Auch der Direktor des Bundesinstituts für Sportwissenschaft (BISp), Jürgen Fischer, bestätigte den positiven Trend in den letzten Jahren. „Früher galt es bei den Trainern, Verbänden und Funktionären viele Widerstände zu überwinden. Nun haben wir eine günstige Phase erreicht. Wir müssen jetzt etwas auf die Beine stellen, das dann dauerhaft überleben kann“, sagte Fischer. Die asp und das BISp haben gemeinsam eine Datenbank entwickelt, in der alle qualifizierten Sportpsychologen Aufnahme finden sollen und dann zur Vermittlung zur Verfügung stehen. Derzeit sind die beiden Partner bestrebt, die Qualität der Mitglieder dieser Datenbank sicherzustellen und weiter anzuheben.

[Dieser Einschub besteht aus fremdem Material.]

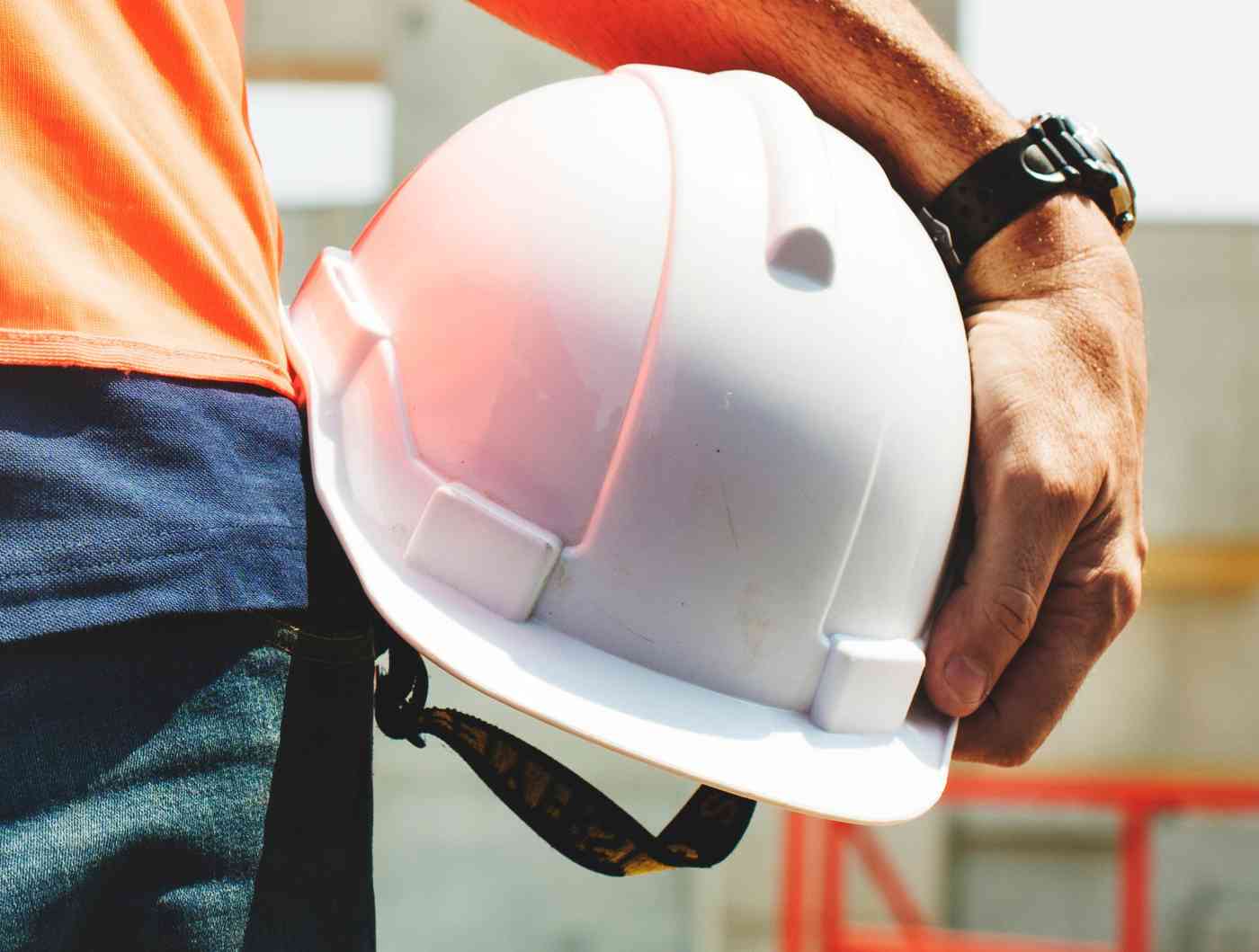 Benevento: morte dell’operaio napoletano caduto dal sesto piano durante i lavori; autopsia ordinata e indagini in corso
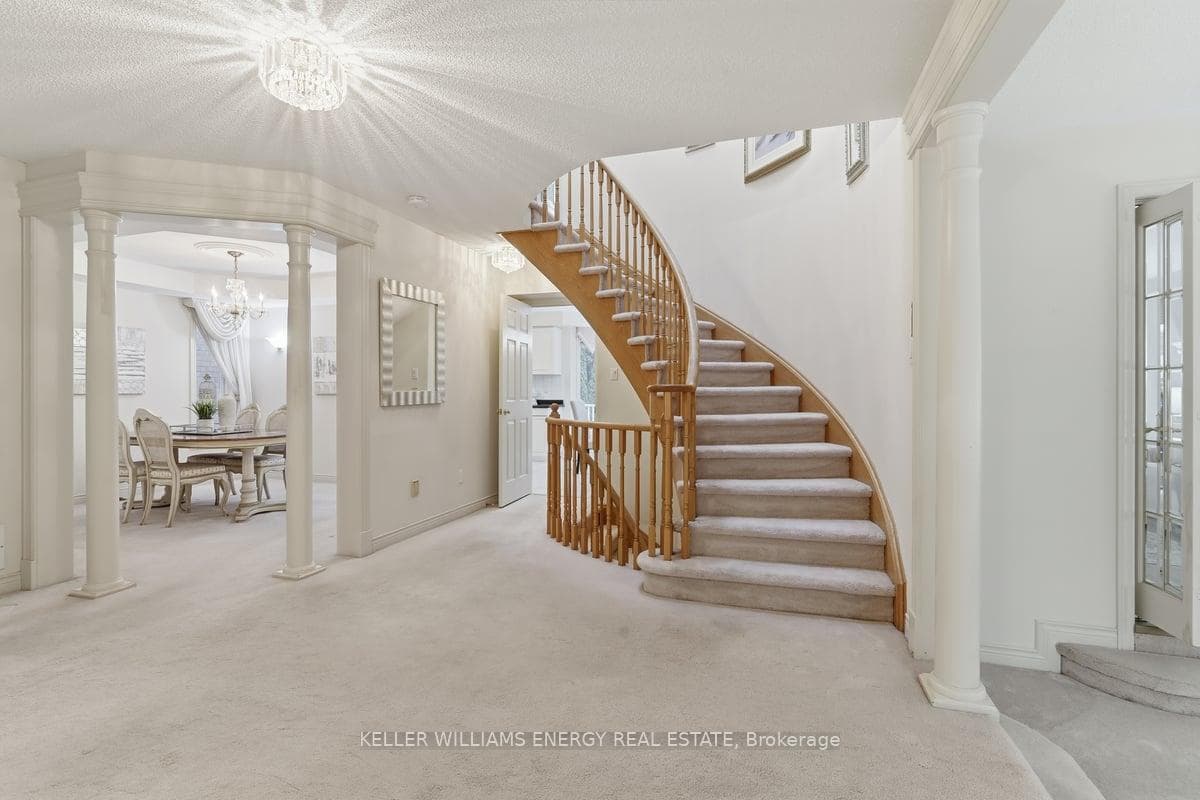 148 Kearney Drive photo 2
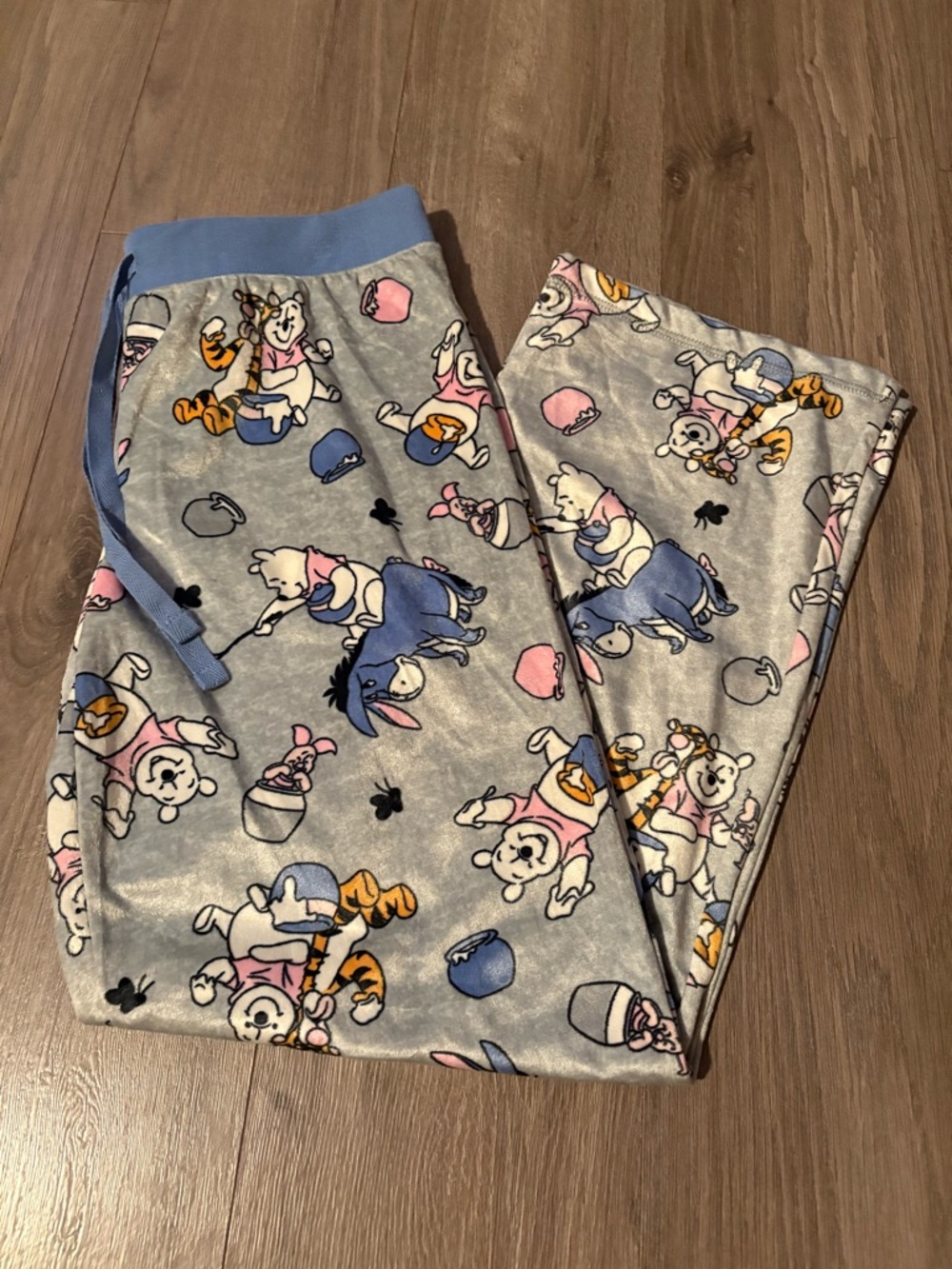 Women’s Grey Winnie the Pooh & Friends Pajama Pants - Blue Accents size medium
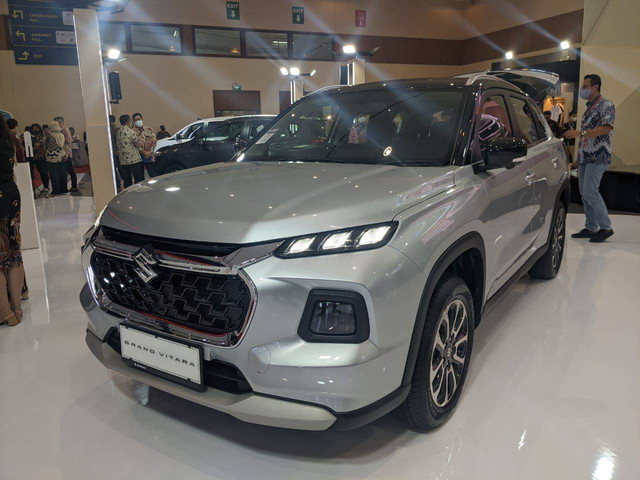 Suzuki Grand Vitara di pameran Jakarta Auto Week 2023.  Foto: Sena Pratama/kumparan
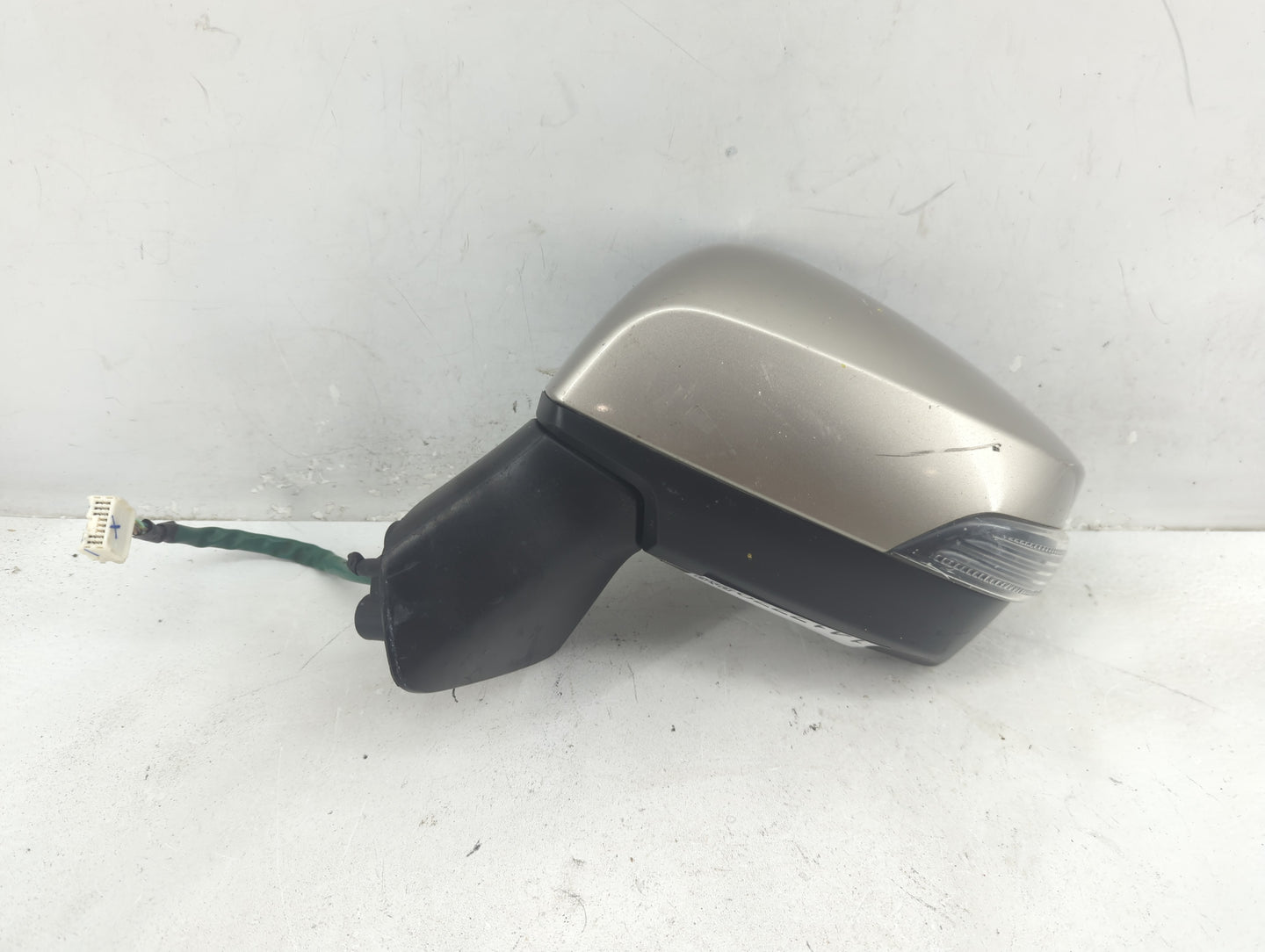 2015-2017 Subaru Legacy Driver Side View Mirror - Left Door Mirror OEM Used - Oemusedautoparts1.com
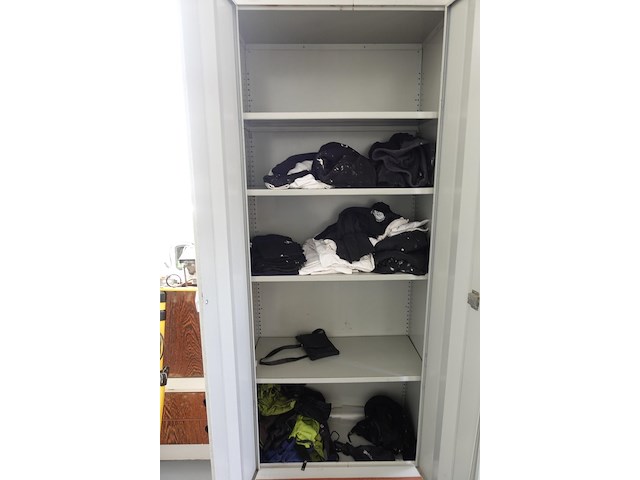 2x metalen kast + inhoud - afbeelding 4 van  9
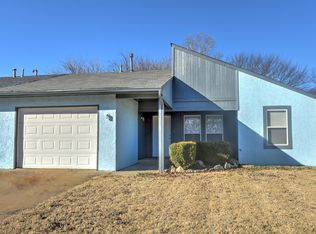 4904 S Gum Ave, Broken Arrow, OK 74011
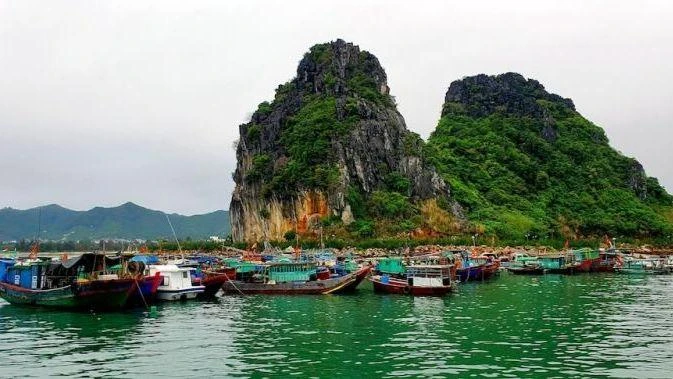 Tàu thuyền vào nơi tránh trú bão an toàn tại Cảng Cái Rồng, huyện Vân Đồn.
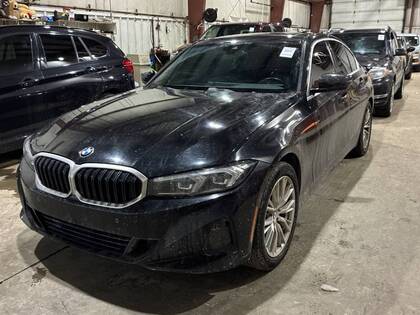 BMW 3 Series 330i xDrive AWD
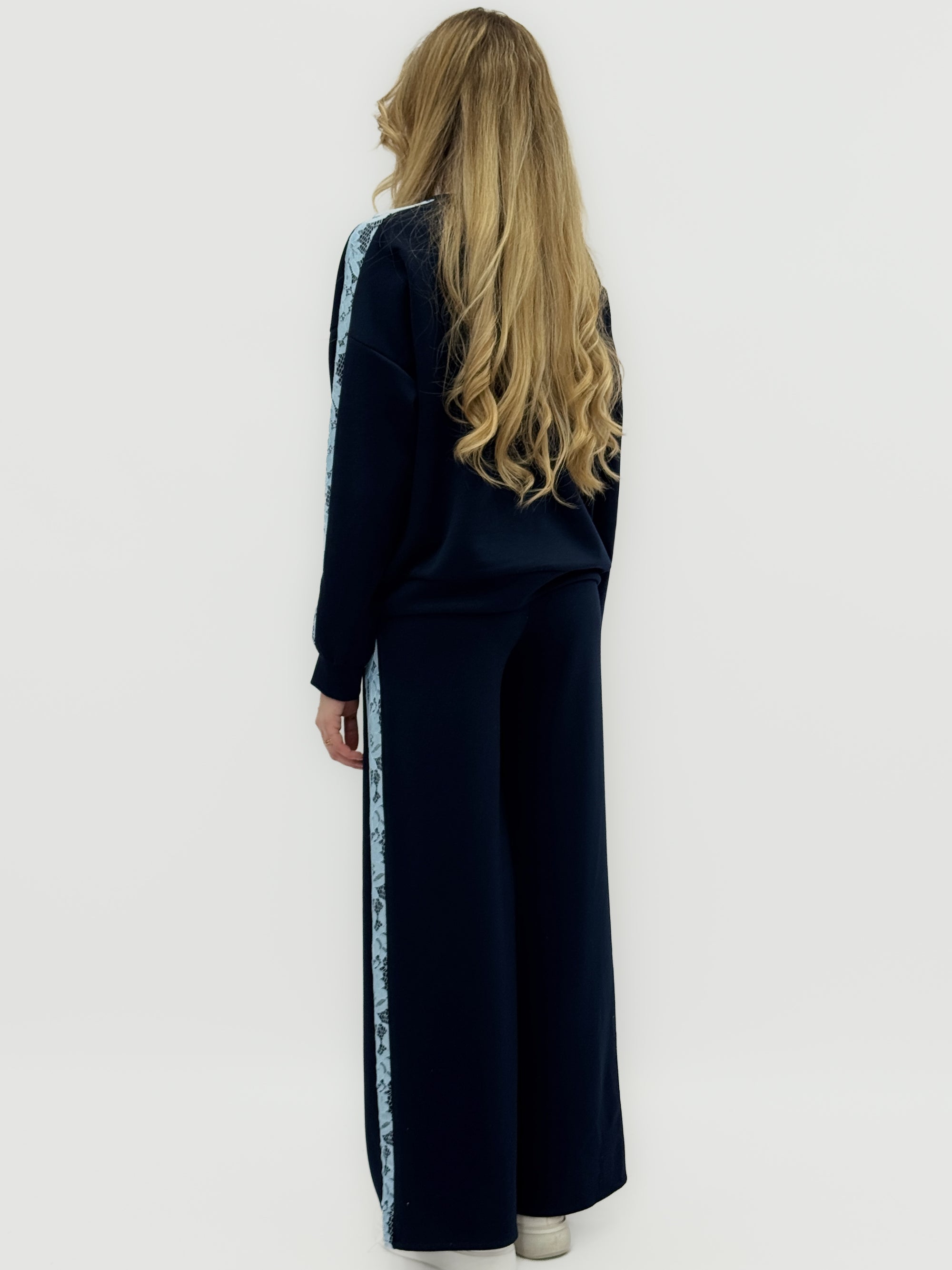 Completo con Dettagli in Pizzo – Felpa e Pantaloni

„Die Sportpsychologie hilft den Spitzensportlern zum Einen in ihrer Persönlichkeitsentwicklung und zum Anderen darin, Mentale Stärke zu entwickeln und mit Drucksituationen besser umgehen zu können“, stellte der asp-Vorsitzende und Moderator des Pressegesprächs, Prof. Dr. Manfred Wegner, heraus Als besonderen Experten aus dem Spitzensport konnte Alfred Gislason, Trainer der besten deutschen Handball-Mannschaft, dem THW Kiel, gewonnen werden.
„Im Spitzenhandball sind wir in einer endlosen Schleife, denn unsere Saison ist extrem lang“, stellte Alfred Gislason, fest. Der Druck käme von außen und von innen. „Mit dem Druck von außen komme ich klar, aber der Druck von innen ist schwieriger. Es ist wie besessen zu sein“, meinte Gislason, der trotz der besten Saison seines Teams in der Bundesliga immer noch das allerletzte herausholen will.
Gerade in diesen selbst gesteckten Zielen sieht auch Dr. Engbert die Schwierigkeit. „Es geht um die richtige Balance“, sagte der Sportpsychologe. „Die Vermittlung der richtigen Kompetenz, mit solchen Drucksituationen richtig umzugehen, ist das Entscheidende.“ Durch falsch gesetzte Ziele droht der Spitzensportler, an der eigenen oder fremden Erwartung zu scheitern. Gerade Zuschauer-Kulissen können bei Heimspielen den vielfach beschriebenen Vorteil auch in das Gegenteil umschlagen lassen. „Gerade in entscheidenden Situationen kann es kippen, weil die Erwartungen der Fans viel zu hoch sind und die Realität bei weitem übertreffen“, meinte der Heidelberger Psychologe Prof. Dr. Henning Plessner, der sich vor allem im Fußball mit den Fans und den Schiedsrichtern beschäftigt.
Aus seiner Sicht ist vieles auf diesem Gebiet noch unerforscht. „Wir stecken hier noch in den Kinderschuhen“, meinte Prof. Plessner. Durch die deutliche Aufwertung der Sportpsychologie sieht der Heidelberger aber bessere Forschungsmöglichkeiten auf die Sportwissenschaft zu kommen.